There's a sense that with enough effort and good fortune, we too could exercise our star power and become similarly admired.
The force democratizing the impulse to be looked at and envied this way is the internet's ability to broadcast our interiors to millions. We're always being told about the follower count of design influencers and once we take a peek, stunned by the number of likes on individual images – and tempted to see what happens when documenting our own domestic details.
It's a dangerous path. Once we taste the thrill of being "liked" by people we don't even know, there's the added mystique of why some images are liked more and others are liked less, followed by the attempt to do more of whatever gets liked more... and inevitable disappointment when it doesn't always work.
Over time, it can lead to an almost frantic insecurity.
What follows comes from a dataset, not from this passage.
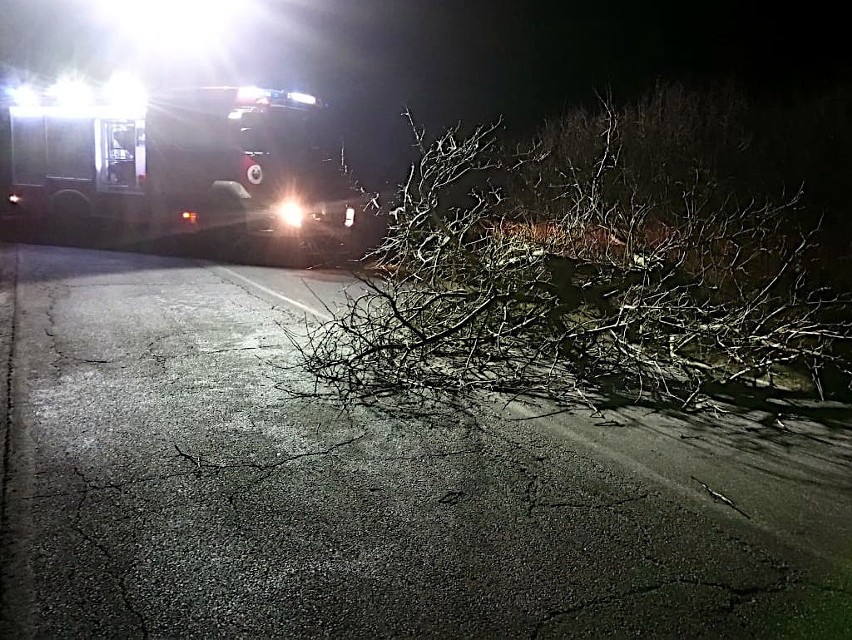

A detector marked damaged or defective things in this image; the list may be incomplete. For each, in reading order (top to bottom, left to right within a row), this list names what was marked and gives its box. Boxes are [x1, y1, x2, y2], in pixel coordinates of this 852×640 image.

What was once a private dwelling becomes an awkward public stage, where moving even a vase or fluffing up a throw pillow is a test of the ego, a potentially humiliating subjection to the verdict of faceless others.
It's a sad way to live. And once we set off in this direction, it's hard to reverse the feeling of desperate escalating neediness.
Worst of all, it leads us away from our authentic selves to a place where we completely lose track of how to be happy.
Fortunately, there are ways to turn back. Here are three that I know of:
Train your senses
Get to know what delights you in old-fashioned ways: nature walks, city rambles, gallery visits, shopping expeditions. When you acquire real-world knowledge of what turns you on, you'll have the true equipment for creating interiors that are yours.
Hide your best stuff
When you style a bookcase or arrange a room in a way that finally satisfies you, why not resist the urge to snap a photo and share? It's powerful to hold back what pleases you most.
Sharing is good now and then, but restraining yourself builds confidence.
Impress yourself
That adulation you're hoping for? Instead of prying it from others, give it to yourself. Design a home that earns your own respect and affection. It's worth all the effort. And it'll feel way better than the alternative.